Slashdot Mirror


Microsoft To Extend RSS

Joshua53077 writes "Microsoft announced today a plan to 'extend the RSS standard to better support the publishing of ordered lists of information...' This feature will be included in Longhorn. It appears as though they will be including RSS support in Internet Explorer, which will come over a year and a half after the same technology was introduced in Apple's Safari RSS." From the article: "Gary Schare, director of strategic product management in the Windows division of Microsoft, says that while RSS is a reliable standard for updating information in message form, it currently has no logical way to organize that information in a way that could help subscribers keep track of what is being fed to them."

5 of 375 comments (clear)

  1. Re:How? by saintp · · Score: 4, Interesting

    Special features to interact with Exchange and/or Outlook.

  2. By keeping track of what's being fed by kwilliamyoungatl · · Score: 4, Interesting

    You can add DRM and other "features". Uggh.

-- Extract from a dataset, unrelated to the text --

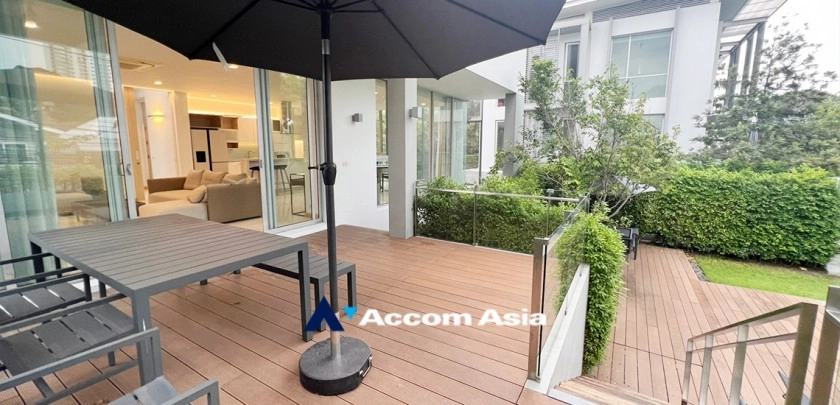 30  3 br House For Rent in Ratchadaphisek ,Bangkok MRT Phetchaburi at Hem 52 At Rama 9 AA30548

  3. Maybe if they froze Longhorn's feature set by Deagol · · Score: 3, Interesting
    they'd get the damned thing released.

    How many features were promised then dropped in Win2003 and Longhorn to get them released? Why the hell do they keep adding features?

    At this rate we'll get Longhorn Lite in 2006, Longhorn Complete in 2007, and Longhorn As It Was Really Promised Ten Years Ago in 2012.

    MS just needs to get over themselves and get a product out the door with the *current* set of features they promised.

    1. Re:Maybe if they froze Longhorn's feature set by hacker · · Score: 3, Interesting
      "At this rate we'll get Longhorn Lite in 2006, Longhorn Complete in 2007, and Longhorn As It Was Really Promised Ten Years Ago in 2012.

      MS just needs to get over themselves and get a product out the door with the *current* set of features they promised."

      Have you ever considered that this might just be a marketing ruse by Microsoft to get their competitors (Apple, the OSS community, etc.) to slow down on focusing their efforts, because "..well, we have a couple of years before Longhorn is released, whats the rush?"

      Seriously, what if they released Longhorn in December of this year, with all of the features they've previously claimed were pulled from it? (WinFS, podcasting, IE7, etc.)

      This is a very VERY common marketing move, and I'm surprised nobody has seen through it yet. You publically announce that your product is being delayed, so your competitors relax a bit, then you announce some key feature of your product was dropped, etc. and your competition smirks and goes out and celebrates... and then you release the full product, WITH the "dropped" features on Monday.

      Your competition crumbles and cries in the corner.

  4. Opera's RSS... by hkmwbz · · Score: 3, Interesting

    Opera had RSS in a 7.5 beta in April 2004. 7.5 final with RSS was released in May 2004.

    --
    Clever signature text goes here.